عنوان مقاله [English]
Introduction: Salinity is one of the problems of arid and semi-arid soils. Identification and classification of saline/alkaline soils is necessity for dealing with difficult situations and correct management. Considering the nature of salinity data and selection of befitting methods to process data before use artificial neural network, can result in better simulations. The aim of this study was to investigate the optimal method for data processing to enhance the accuracy of surface soil salinity simulation and improve the efficiency of decision tree algorithm.
Materials and Methods: The study area was 88940.4 hectares of Marvast plain located in central Iran (54° 5´to 54° 18´ east longitude and 30° 10´to 30° 35´north latitude). This region faces with problems of soil and water resources salinity. In this study, the effect of data processing on increasing accuracy of simulation of soil surface salinity was assessed in Marvast region using decision tree algorithm. For this purpose, the decision tree algorithm was applied and simulation was performed using three approaches i.e. original data, logarithmic data and standardized data. Finally, five statistics including R، Rmse، %Rmse، MAE and Bias were calculated to evaluate the performance of used simulation methods.
Results and Discussion: In this study, when the logarithmic data was used, the composition of band 7 – elevation was identified as the most appropriate condition. The created tree can estimate the soil salinity by five laws:
If elevation is less than 1519, then the average of surface soil salinity will be 147.9 ds/m.
If elevation is between 1519 to 1569.9, then the average of surface soil salinity will be 43.6 ds/m.
If elevation is between 1569.9 to 1609.8, then the average of surface soil salinity will be 17.5 ds/m.
If elevation is more or equal to 1609.8 and pixel value of band 7 (ETM+ sensor) in selected point is less than 0.295, then the average of surface soil salinity will be 4.7 ds/m.
If elevation is higher or equal to 1609.8 and pixel value of band 7 (ETM+ sensor) in selected point is more than or equal to 0.295, then the average of surface soil salinity will be 1.4 ds/m.
For the approach of using the logarithmic data, decision tree algorithm used two parameters out of 46 independent variables introduced into the model. R، Rmse، %Rmse، MAE and Bias for this method was computed to be 0.76, 0.49, 38.57, 0.37 and -0.14, respectively. The application of logarithmic data was recognized as the best method considering the lower calculated error and its less input requirement. Using Easy fit software, the distribution of salinity data was found to be Log Pearson 3. Thus, the use of logarithmic data improved model performance.
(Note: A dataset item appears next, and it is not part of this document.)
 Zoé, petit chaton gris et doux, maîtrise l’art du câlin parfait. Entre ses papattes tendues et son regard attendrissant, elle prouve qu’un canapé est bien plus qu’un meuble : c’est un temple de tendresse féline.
Our findings were in agreement with those of Afkhami et al (2015) who increased the simulation accuracy of suspended sediment with artificial intelligence methods (Artificial neural networks and ANFIS) using logarithmic data.
Conclusions: As effective factors for soil salinity simulation vary in different regions, application of a unique method and indicator to estimate soil salinity in deferent region may not be possible.. The application of semi intelligent algorithm which limits user intervention and selects effective parameters for simulation would increase the simulation accuracy. Furthermore, considering the nature of salinity data and selection of befitting methods to process before using decision tree algorithm can effectively improve model performance. The current study was conducted to select an appropriate approach to enhance the simulation accuracy of surface soil salinity. The results demonstrate that the performance of decision tree algorithm as one of the artificial intelligence models can be affected by input data. In this study, Log-Pearson3 distribution was defined as the distribution of salinity data. Moreover, despite existence of significant correlation coefficients for three simulation methods, the error was lower when logarithmic data was used. Since the probability distribution of salinity data in the studied area was logarithmic (Log-Pearson 3), the reduction in error rate can be attributed to the probability distribution of salinity data.